Exercise data:
=== Begin Enclosure ===
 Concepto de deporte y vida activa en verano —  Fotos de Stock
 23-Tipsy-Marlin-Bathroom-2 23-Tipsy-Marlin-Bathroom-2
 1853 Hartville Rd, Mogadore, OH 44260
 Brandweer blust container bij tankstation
=== End Enclosure ===
=== Begin Enclosure ===
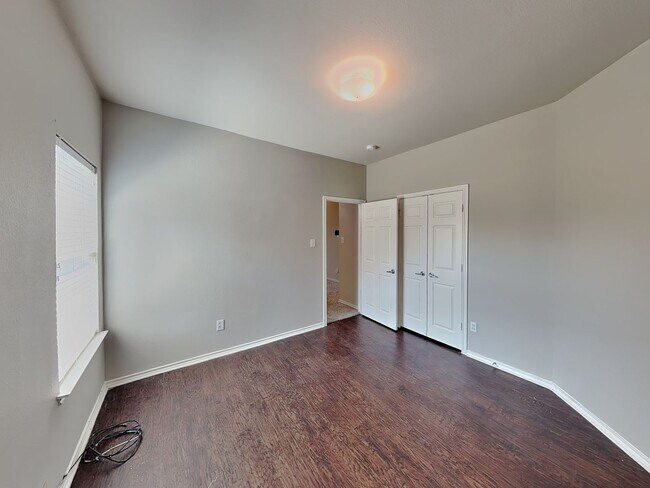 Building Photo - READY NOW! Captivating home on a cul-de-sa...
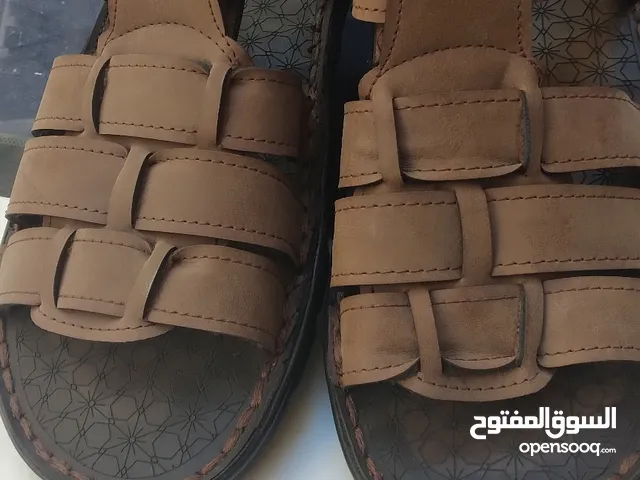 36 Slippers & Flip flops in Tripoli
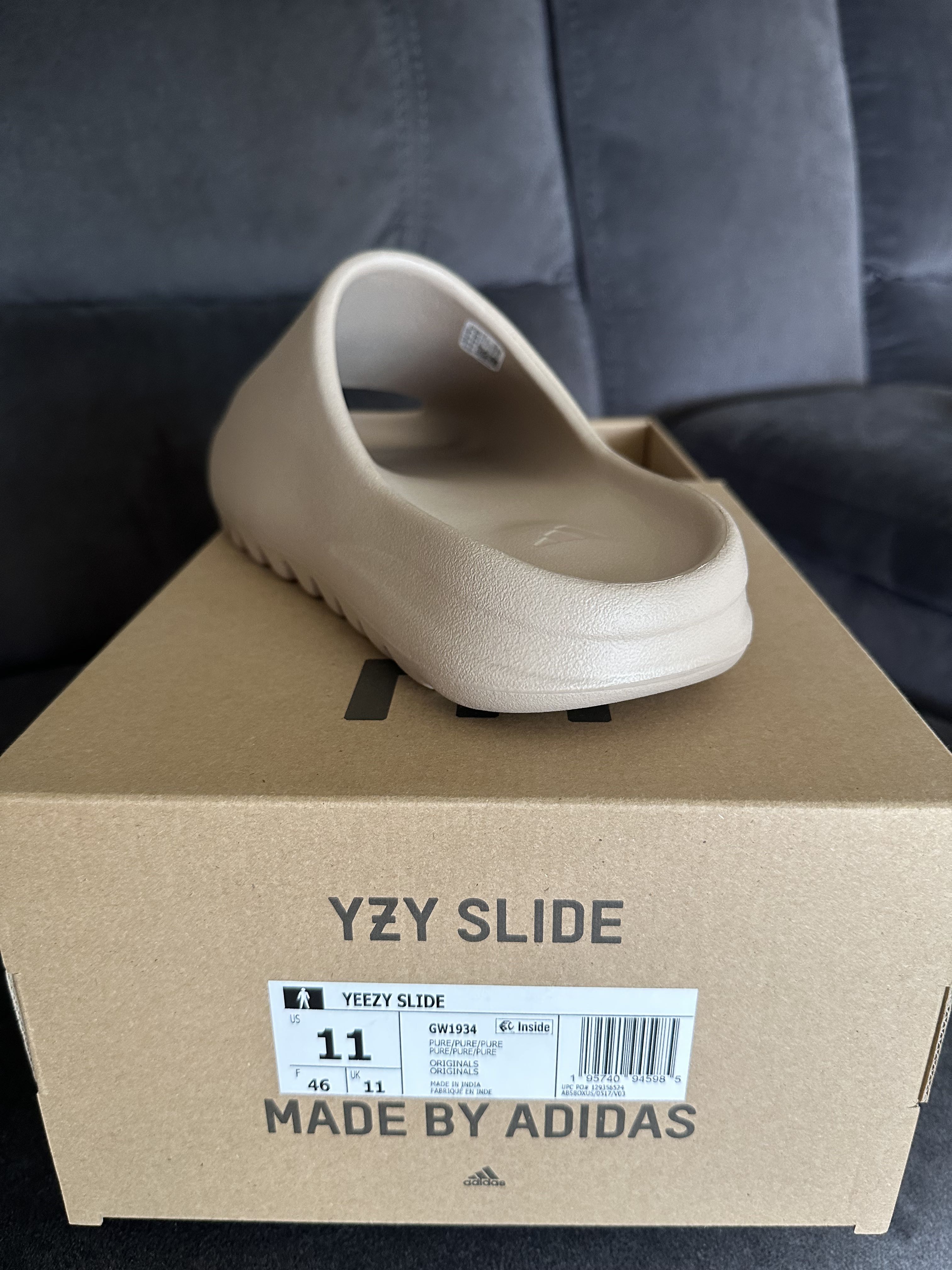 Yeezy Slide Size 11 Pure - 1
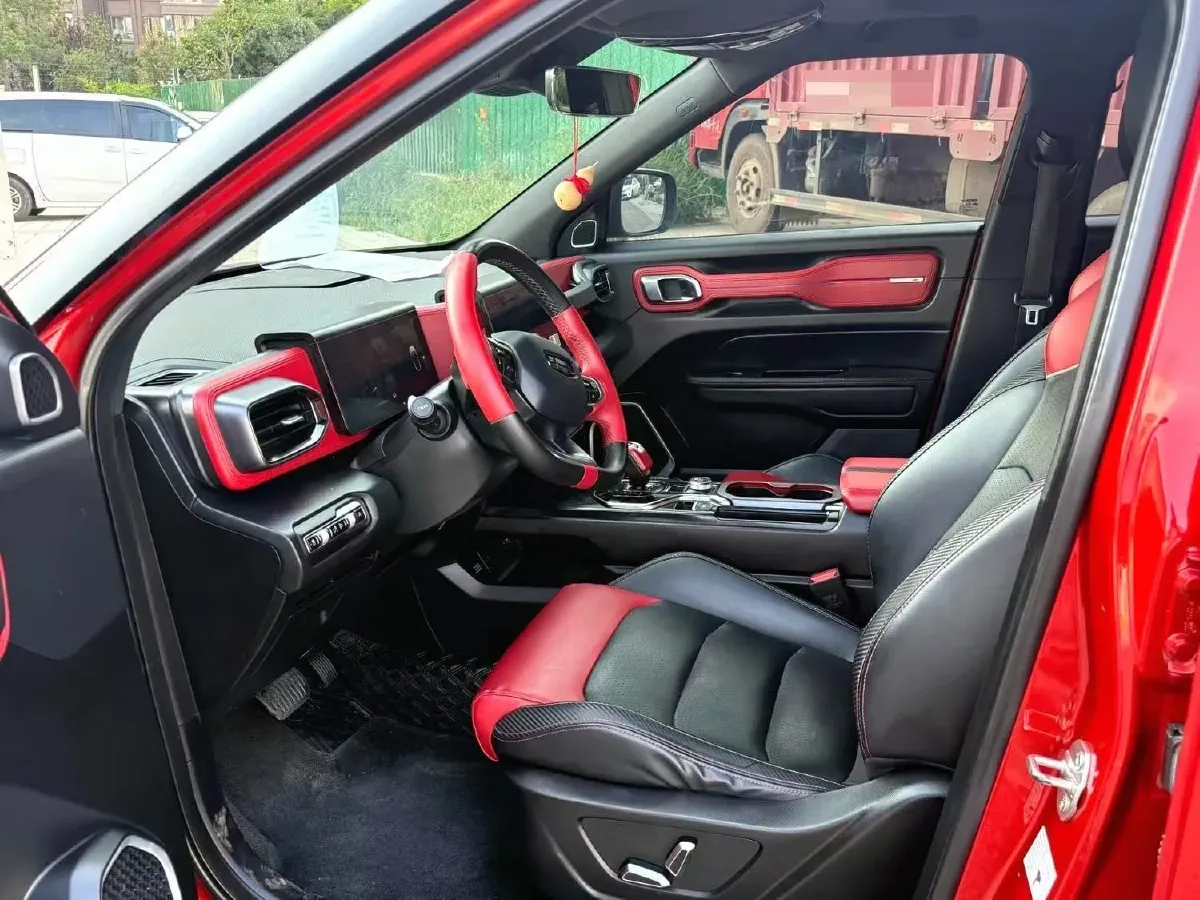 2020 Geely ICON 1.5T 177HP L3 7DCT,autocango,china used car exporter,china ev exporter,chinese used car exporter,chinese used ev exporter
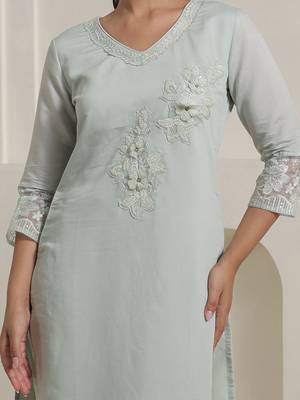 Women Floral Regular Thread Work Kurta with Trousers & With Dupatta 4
=== End Enclosure ===
=== Begin Enclosure ===
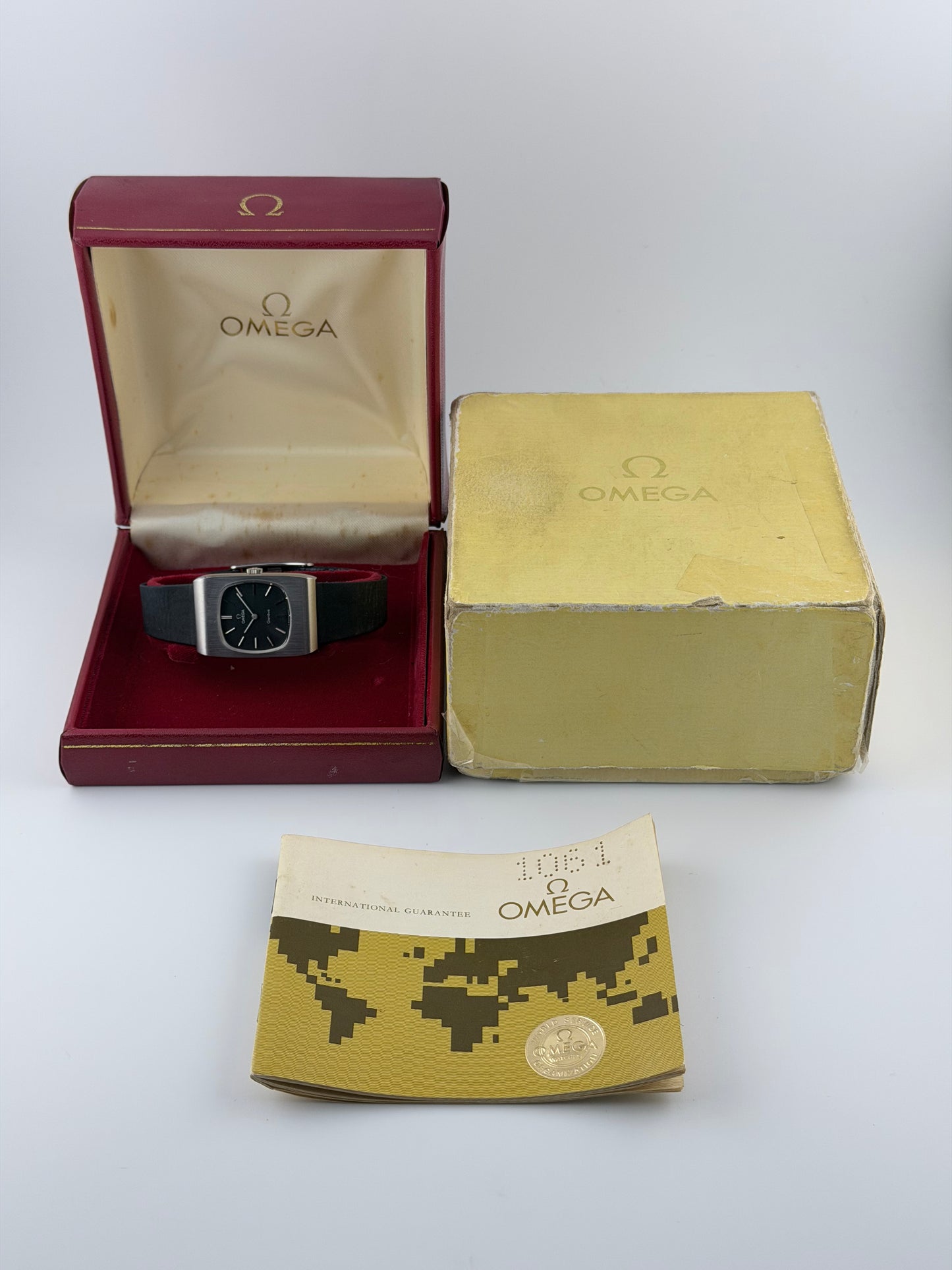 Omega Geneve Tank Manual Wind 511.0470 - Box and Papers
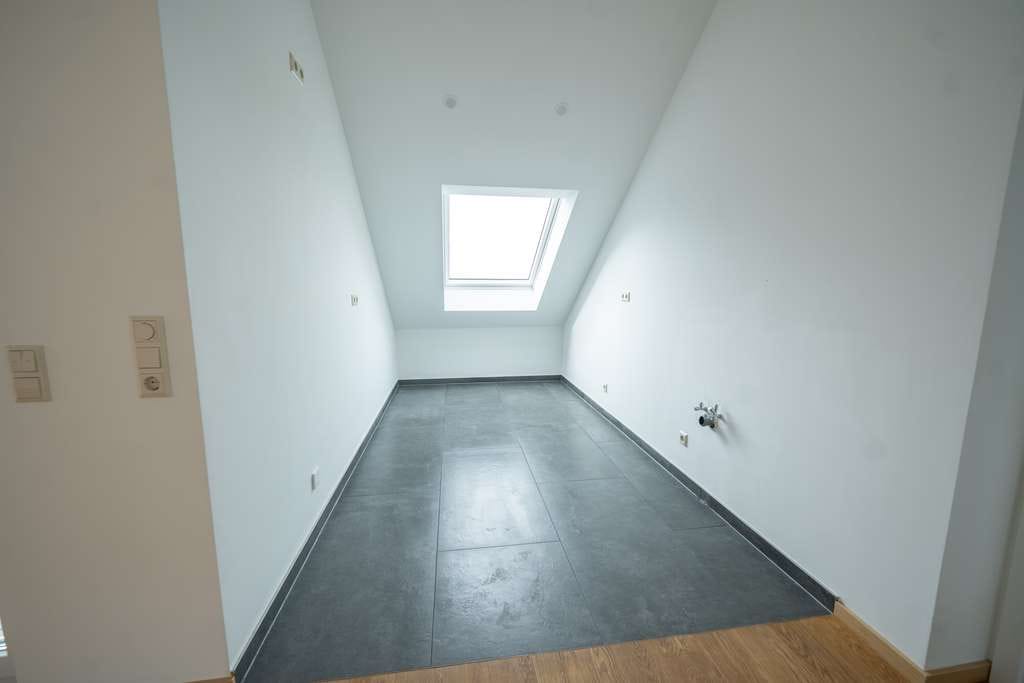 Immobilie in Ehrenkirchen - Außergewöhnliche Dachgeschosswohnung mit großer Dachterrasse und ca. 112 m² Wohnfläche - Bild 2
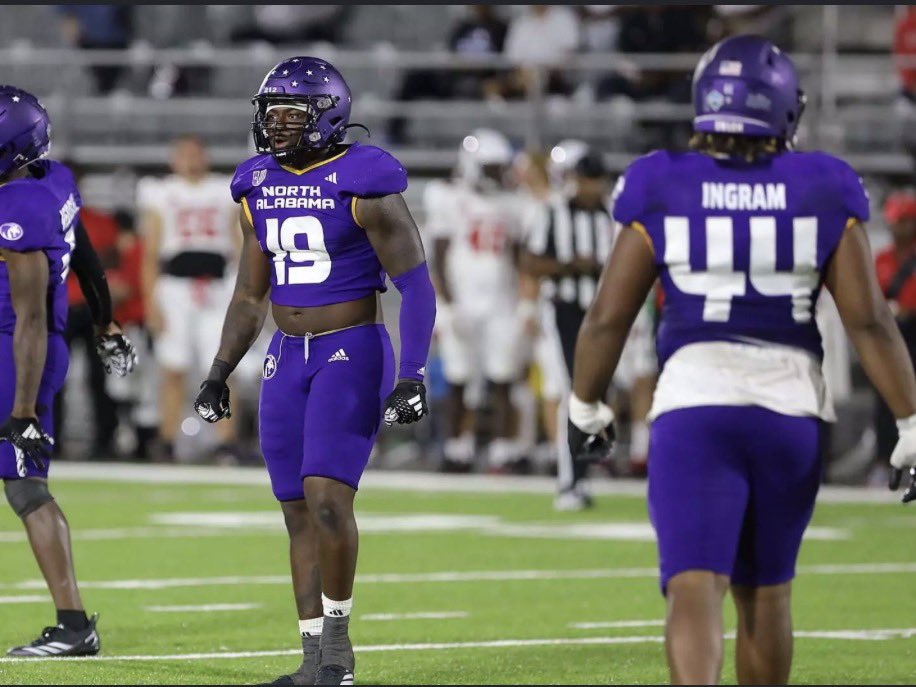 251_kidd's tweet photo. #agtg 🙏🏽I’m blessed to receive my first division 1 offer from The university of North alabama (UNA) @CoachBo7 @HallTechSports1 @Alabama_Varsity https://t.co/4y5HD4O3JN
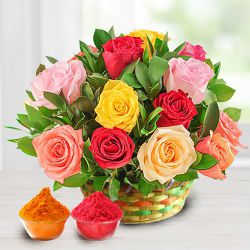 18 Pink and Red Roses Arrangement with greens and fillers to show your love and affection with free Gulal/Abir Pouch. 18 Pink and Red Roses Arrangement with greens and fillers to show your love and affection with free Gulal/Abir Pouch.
=== End Enclosure ===
Activity: Give again, word for word, every line of the listing above from the one with "Concepto de deporte" to the one with "Brandweer blust container bij tankstation", both inclusive, and nothing beyond them.

Written reply:
 Concepto de deporte y vida activa en verano —  Fotos de Stock
 23-Tipsy-Marlin-Bathroom-2 23-Tipsy-Marlin-Bathroom-2
 1853 Hartville Rd, Mogadore, OH 44260
 Brandweer blust container bij tankstation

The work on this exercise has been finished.